Standard of care and the use of placebos
A major issue in the recent controversy surrounding the HIV/ AIDS drug and vaccine trials in developing countries is the use of the placebo arm instead of the ACTG study 076 triple therapy, which was the newly established standard care in industrialized countries at the time. The recent revisions of the Helsinki Declaration (8) clearly state in Section 29 that "the benefits, risk, burdens and effectiveness of a new method should be tested against those of the best current prophylactic, diagnostic and therapeutic methods. This does not exclude the use of placebo, or no treatment, in studies where no proven prophylactic, diagnostic or therapeutic method exists."

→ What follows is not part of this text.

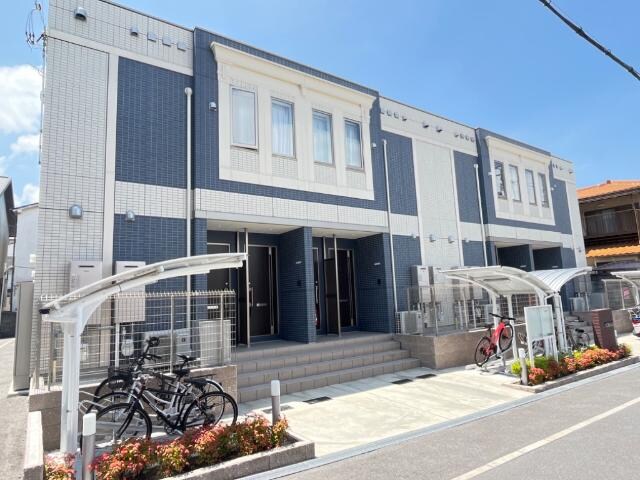 CRESTの物件外観写真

Although some have argued in favour of retaining placebos as the most efficient means of obtaining the requisite scientific information (33), their overall use in health research and therapy is probably overstated. Perhaps the most pervasive argument supporting the continued use of placebos is based on efficiency and economics. The scientific rigour of a placebo-controlled design can be balanced against alternative models of scientific enquiry which, though longer and more expensive, are ethically sound. If journals were willing to accept reports of studies with quasi-experimental designs, and funding agencies were willing to support studies for longer durations, several alternatives to placebo controls can be envisioned.
Although not clearly specified in the Helsinki Declaration, the standard of care can be interpreted in the context of the study location. It can be interpreted as the global standard of care rather than a locally existing standard (34), or a general standard of care in the research setting (13), including aspects of sustainability (35). Others have expanded the definition of standard of care to include additional aspects such as provision of care by a research team with equivalent qualifications, training, and expertise as those in industrialized countries; and research carried out by a team with the same culture and language as the study subjects, to assure effective communication and informed consent (36).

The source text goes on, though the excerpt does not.